**Activity**
Reproduce the whole of the records exactly, and make sure no picture is carried into the result.

-- Data to examine follows --

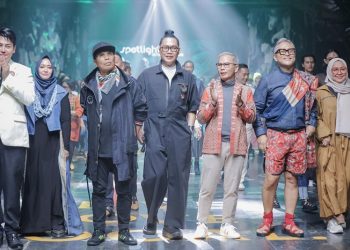 Kolaborasi Karya Sustainable Fashion, Wastra, Hingga Funky Kebaya Menutup SPOTLIGHT Indonesia 2023 Culture: Then and Now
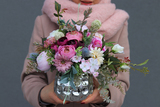 Carmen, wiosenna kompozycja kwiatowa w lustrzanej donicy, wys.32cm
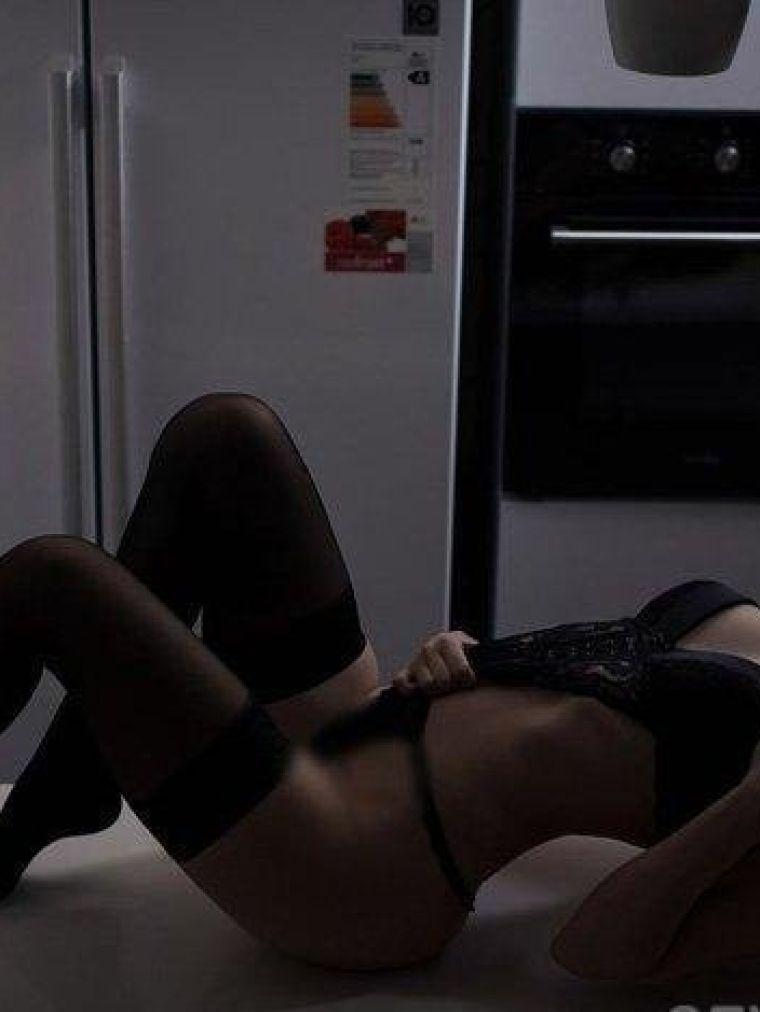 Вызов шлюхи в Екатеринбурге (Рита, тел. 8 903 085-47-10), 24 7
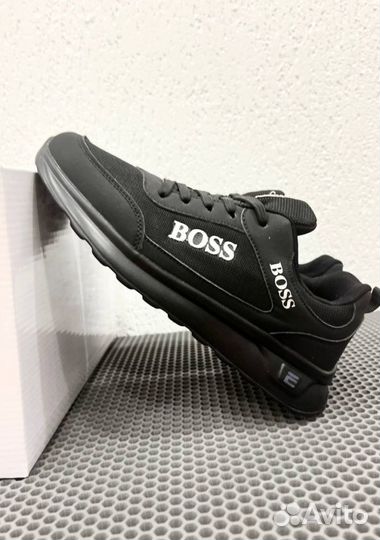 Кроссовки Boss эргономичные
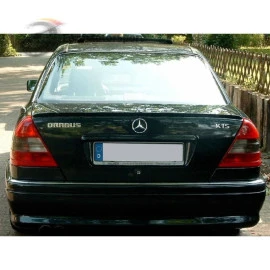 Lip spoiler για πορτ - μπαγκάζ για Mercedes W202 Lip spoiler για πορτ - μπαγκάζ για Mercedes W202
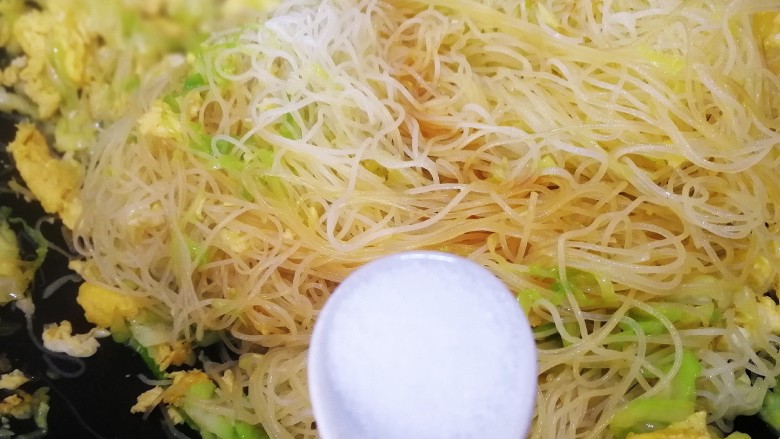 炒米粉,放入一小勺盐,加一勺清水,用筷子抖散不断翻匀至米粉变软。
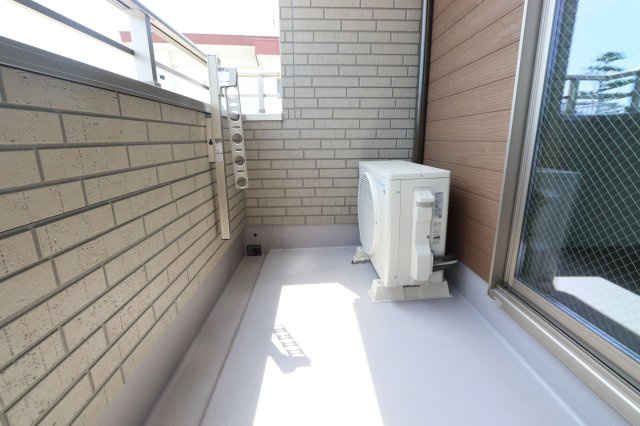 フロンティアのバルコニー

-- Data to examine concluded --

**Response**
 Kolaborasi Karya Sustainable Fashion, Wastra, Hingga Funky Kebaya Menutup SPOTLIGHT Indonesia 2023 Culture: Then and Now
 Carmen, wiosenna kompozycja kwiatowa w lustrzanej donicy, wys.32cm
 Вызов шлюхи в Екатеринбурге (Рита, тел. 8 903 085-47-10), 24 7
 Кроссовки Boss эргономичные
 Lip spoiler για πορτ - μπαγκάζ για Mercedes W202 Lip spoiler για πορτ - μπαγκάζ για Mercedes W202
 炒米粉,放入一小勺盐,加一勺清水,用筷子抖散不断翻匀至米粉变软。
 フロンティアのバルコニー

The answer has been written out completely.